Avec la Biennale de paris, l’Art c’est mieux sans…

L’histoire de la Biennale de Paris commence en grande pompe avec André Malraux qui la créa en 1959 pour permettre l’organisation d’expositions d’artistes internationaux, où devaient se rencontrer et s’aventurer toutes les nouvelles tendances de l’art contemporain. Au fil des ans, elle devint malheureusement de plus en plus académique et finit par ne plus susciter d’intérêt au sein du Ministère de la culture ni auprès des amateurs d’art éclairés. Elle fut donc abandonnée en 1985, ce qui paradoxalement la sauva car elle fut redynamisée quelques années plus tard par Alexandre Gurita, tout nouveau diplômé de l’École nationale des Beaux-arts de Paris, qui en récupéra le nom profitant du fait que ses anciens responsables avaient oublié de le protéger. Fort de cette prestigieuse carte de visite, son nouveau directeur, bien que disposant de moyens très modestes, partit alors à la rencontre des institutions culturelles du monde entier et prit contact avec une jeune génération d’artistes ayant repensé complètement le statut de l’œuvre d’art.

Contrairement aux grandes manifestations internationales qui exposent des tableaux, des sculptures, des vidéos et des environnements largement préoccupés par des critères esthétiques relativement traditionnels, la Biennale de Paris, aujourd’hui, s’intéresse à un art visant à dématérialiser l’œuvre, à privilégier des concepts, des protocoles, des comportements à titre d’œuvres qu’elle souhaite voir activer selon un lieu et un temps donné. De ce point de vue, les manifestations qu’elles prend en charge sont totalement libres, sans aucun repère fixe et refusent de présenter des objets d’art afin d’échapper à tout ce qui serait trop clairement repérable en tant qu’art institué. Du coup son mode de fonctionnement ne peut attirer le grand public des vernissages à la mode et cela lui a valu de ne pas avoir beaucoup d’échos dans les medias avec pour conséquences que l’on ne sait pas réellement où et quand elle peut bien avoir lieu. Il n’empêche, elle est omniprésente mais seuls ceux qui prendront la peine de la débusquer en auront connaissance car le sol étant déjà trop occupé, elle adopte la stratégie de l’eau et occupe le sous-sol. Ce qui la caractérise est un certain art de vivre, un état d’esprit vagabond, difficile à cerner mais que l’on peut repérer au détour d’une multitude d’actions hétéroclites[1] parmi lesquelles trois attitudes ciblées permettront aux lecteurs de mieux comprendre ses principaux objectifs.

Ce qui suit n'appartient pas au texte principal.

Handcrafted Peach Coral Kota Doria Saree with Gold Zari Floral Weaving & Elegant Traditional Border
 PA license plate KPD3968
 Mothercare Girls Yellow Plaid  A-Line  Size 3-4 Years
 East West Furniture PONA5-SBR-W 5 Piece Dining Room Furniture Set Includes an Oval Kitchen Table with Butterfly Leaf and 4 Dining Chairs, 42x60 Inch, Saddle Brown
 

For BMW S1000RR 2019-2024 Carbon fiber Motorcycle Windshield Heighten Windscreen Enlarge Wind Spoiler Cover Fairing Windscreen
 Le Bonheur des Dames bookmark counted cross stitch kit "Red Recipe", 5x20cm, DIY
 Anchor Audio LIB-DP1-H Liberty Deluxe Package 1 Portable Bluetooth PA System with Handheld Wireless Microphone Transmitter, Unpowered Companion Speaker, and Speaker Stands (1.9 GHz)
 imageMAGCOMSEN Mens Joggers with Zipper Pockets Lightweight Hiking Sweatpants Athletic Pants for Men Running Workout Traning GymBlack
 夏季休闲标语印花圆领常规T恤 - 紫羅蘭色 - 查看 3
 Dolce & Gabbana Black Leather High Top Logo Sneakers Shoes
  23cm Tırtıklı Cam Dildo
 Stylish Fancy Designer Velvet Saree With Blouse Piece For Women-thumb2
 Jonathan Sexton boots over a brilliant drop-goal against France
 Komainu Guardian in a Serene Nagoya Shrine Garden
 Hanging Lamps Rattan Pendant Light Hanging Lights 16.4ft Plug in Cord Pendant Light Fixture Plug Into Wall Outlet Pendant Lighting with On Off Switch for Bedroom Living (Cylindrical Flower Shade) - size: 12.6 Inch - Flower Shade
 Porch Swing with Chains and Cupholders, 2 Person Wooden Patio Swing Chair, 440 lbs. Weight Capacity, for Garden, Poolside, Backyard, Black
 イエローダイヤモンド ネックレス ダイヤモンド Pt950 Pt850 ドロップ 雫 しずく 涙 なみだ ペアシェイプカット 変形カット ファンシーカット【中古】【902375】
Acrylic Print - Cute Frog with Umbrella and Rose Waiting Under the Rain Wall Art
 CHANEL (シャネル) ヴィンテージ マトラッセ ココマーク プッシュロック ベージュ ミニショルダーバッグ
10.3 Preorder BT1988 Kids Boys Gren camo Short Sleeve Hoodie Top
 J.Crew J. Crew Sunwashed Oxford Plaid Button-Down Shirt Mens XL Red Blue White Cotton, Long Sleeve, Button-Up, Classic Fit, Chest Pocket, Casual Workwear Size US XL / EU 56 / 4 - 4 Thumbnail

[1] Pour exemples de cette diversité, il s’agira aussi bien de la « Licence Art Libre », des manifestations « Y’a trop d’artistes ! », de « Société Réaliste », du « Guide Legrand des buffets de vernissages », d’Ultralab (l’affaire des cartons piégés) etc…70 cas de figure sont ainsi répertoriés dans le catalogue de la Biennale de Paris XV dans 1182 pages, avec des textes de Stephen Wright : Vers un art sans œuvre, sans auteur et sans spectateur”, Brian Holmes : Emancipation, Suely Rolnik : La vie au point de mire, François Deck : Performer la société, Alexander Koch : Archiver la disparition, Jean-Claude Moineau : Pour un catalogue critique des arts réputés illégitimes, McKenzie Wark : Un manifeste hacker. À commander en librairie ou à l’adresse suivante: Biennale de Paris, Hôtel Salomon de Rothschild, 11 rue Berryer 75008 Paris 30 €

 

G.Mollet-Vieville - Thats Painting Productions
That’s Painting Productions, TokyoEat, 2003, Palais de Tokyo, Paris. (commande de Jérôme Sans et Nicolas Bourriaud)

That’s Painting Productions a pour devise « moins il y a à voir plus il y a à penser ». Il s‘agit d’une entreprise de peinture en bâtiment fondée par Bernard Brunon qui en a fait une pratique d’artiste désirant pousser à l’extrême la doctrine de Greenberg. Proposer des peintures murales monochromes sans tableau, lui a permis de résoudre l’équilibre fond/forme cher aux théoriciens de la grande peinture abstraite des années cinquante et de se retrouver face à une série de réflexions qui débordent les principes du formalisme américain pour s’ouvrir à nos cadres de vie. En mettant l’accent sur les responsabilités inhérentes à la fonction d’un peintre/entrepreneur soucieux de ses clients et de son équipe, le chantier entrepris à titre d’œuvre permet de questionner d’autres systèmes socio-économiques que ceux d’un art tributaire de son marché. Et loin des pratiques simulationnistes ou fictionnalistes, les activités triviales de Bernard Brunon font envisager avec quelques effarements pour certains ou de vraies jubilations pour d’autres, la création d’une École de peinture sans plus-value artistique !

G.Mollet-Vieville - Le musee des nuages

Le musée des nuages inauguré en 1990 à Belleville-sur-Loire, est géré par la Société Soussan Ltd qui s’intéresse à de nouveaux systèmes de transport et de distribution d’eau. (photo : archives GMV)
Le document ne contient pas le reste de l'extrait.